Source material:
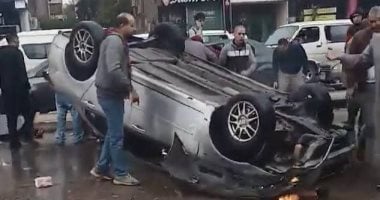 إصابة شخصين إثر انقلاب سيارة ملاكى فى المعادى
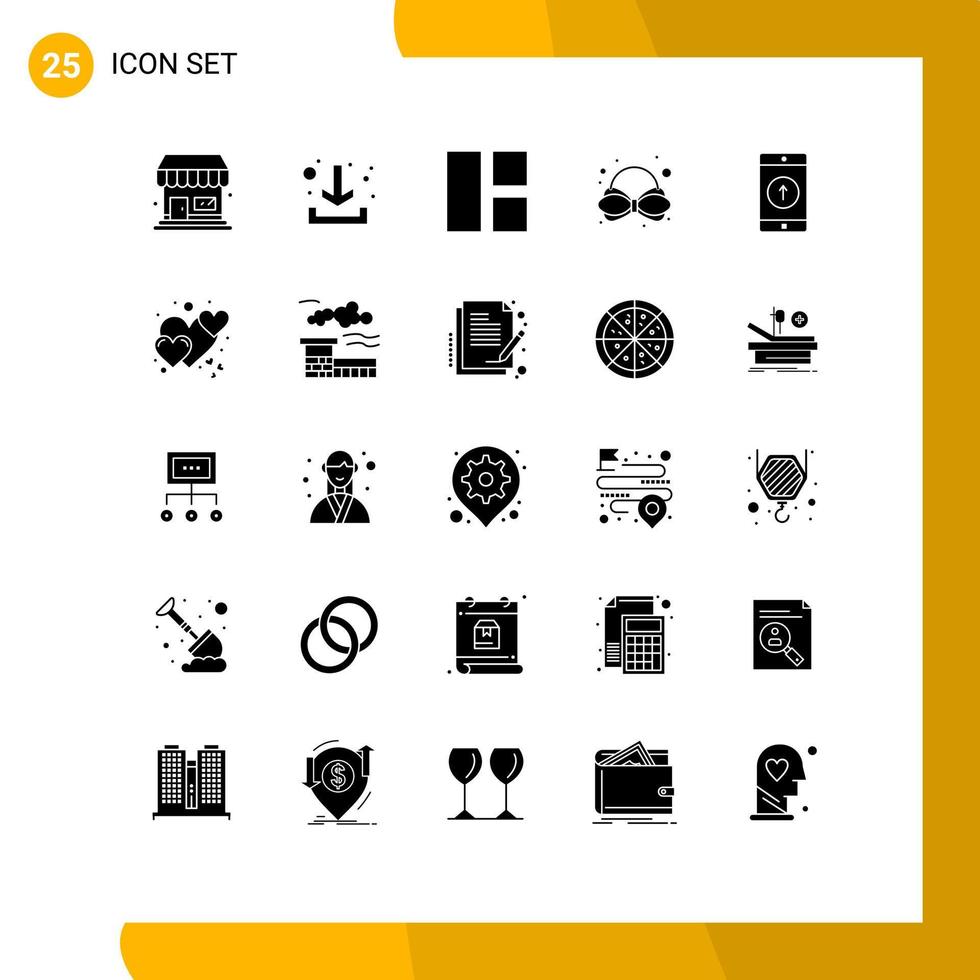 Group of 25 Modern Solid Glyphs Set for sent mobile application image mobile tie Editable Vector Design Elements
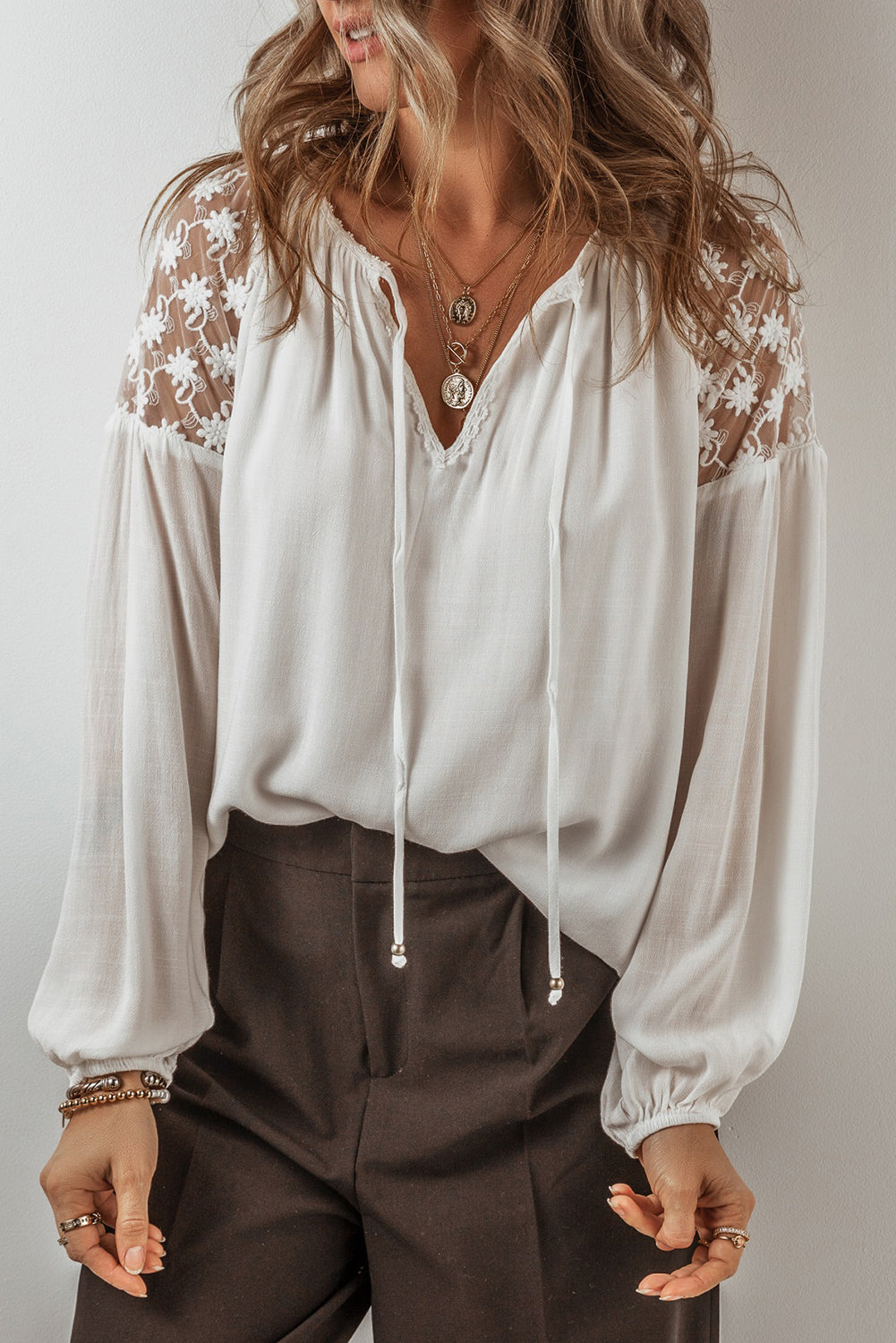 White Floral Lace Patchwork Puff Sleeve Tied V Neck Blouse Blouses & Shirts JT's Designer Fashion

Brief:
Before you finish, make sure every line above has been repeated exactly and no picture remains in the copy.

Exercise result:
 إصابة شخصين إثر انقلاب سيارة ملاكى فى المعادى
 Group of 25 Modern Solid Glyphs Set for sent mobile application image mobile tie Editable Vector Design Elements
 White Floral Lace Patchwork Puff Sleeve Tied V Neck Blouse Blouses & Shirts JT's Designer Fashion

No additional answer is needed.